Information security is a challenging and costly problem for organizations. There are always financial incentives to cut corners on security or to displace the costs of insecurity onto others. Unless organizations self-disclose security incidents, regulators, consumers, and other competitors cannot assign responsibility for insecure practices.

Appeals to “security” also enjoy a special status in political debates, where many assume that it is an apolitical, value-neutral good. More properly viewed, invocations of security can mask underlying political or economic goals, such as controlling how consumers use a product, or locking them into a service. Promoting security for certain individuals can create insecurity for others. This will come into full focus in Chapter 9, where we discuss how various companies install software on customers’ computers in order to secure their own intellectual or physical property but, in so doing, reduce the security of the user.

To address the problems of insecurity in products and services, the FTC's information security enforcement actions create a series of responsibilities that companies assume when they handle personal information. The Agency analyzes an organization's entire security practices to determine whether “taken together” insecure elements are deceptive or unfair. With the addition of staff technologists, the FTC's information security actions have become technically complex and delve into details regarding how specific technologies are implemented within an organization.

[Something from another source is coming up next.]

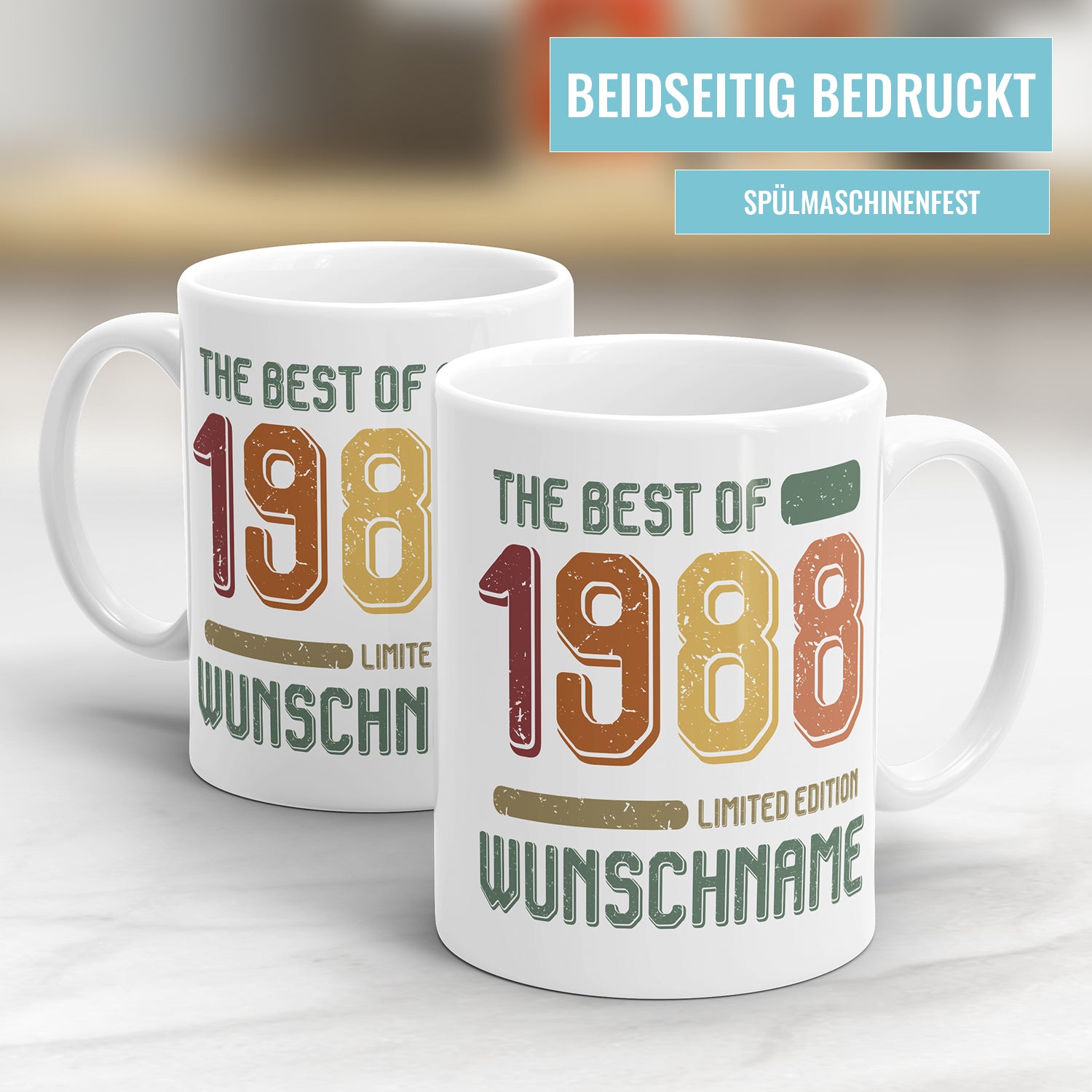 Geburtstag Tasse The best of 1988 personalisiert mit Name Vintage Tasse Fulima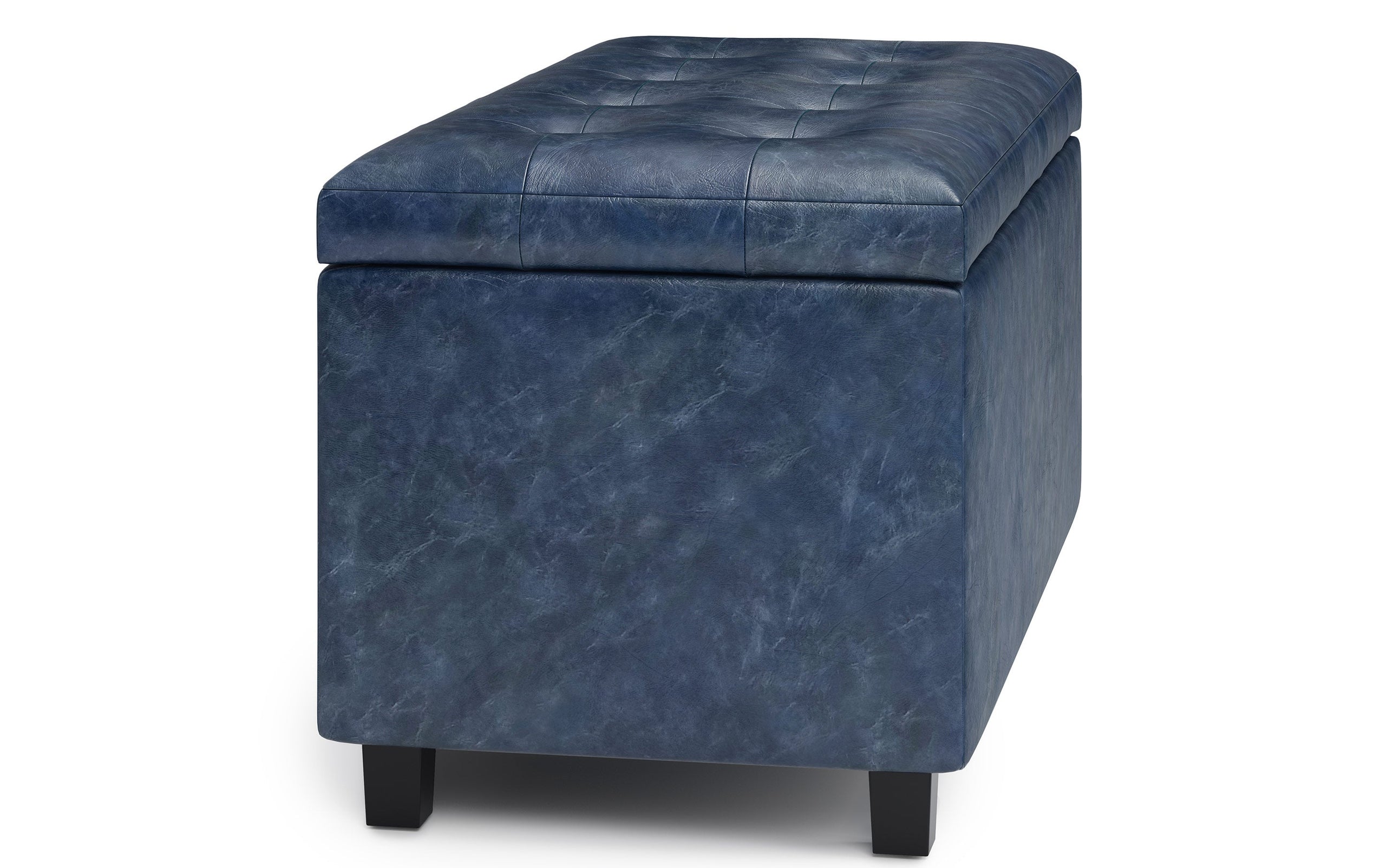 Denim Blue Vegan Leather | Cosmopolitan Vegan Leather Storage Ottoman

The FTC's deception power is not a perfect tool for policing information security problems, because privacy policies are often too vague to account for particular security lapses. Thus, early in its enforcement strategy, the FTC relied upon unfairness to police insecurity. By 2010, however, the Agency pivoted back to use of the deception theory, and interpreted any statement about security – even anodyne ones such as “[we are] proud of the innovations we have made to protect your data and personal identity” – as an assurance to the consumer of reasonable security practices. Thus, contemporary information security matters invoke deception, but often have characteristics of unfairness theory cases. The Agency can also use its false advertising authority against companies that misrepresent the security of products.

Information security matters, at least in the beginning, were an uncontroversial way for the FTC to police online privacy. Security enforcement was compatible with the “harms-based” approach promoted by then Chairman Muris.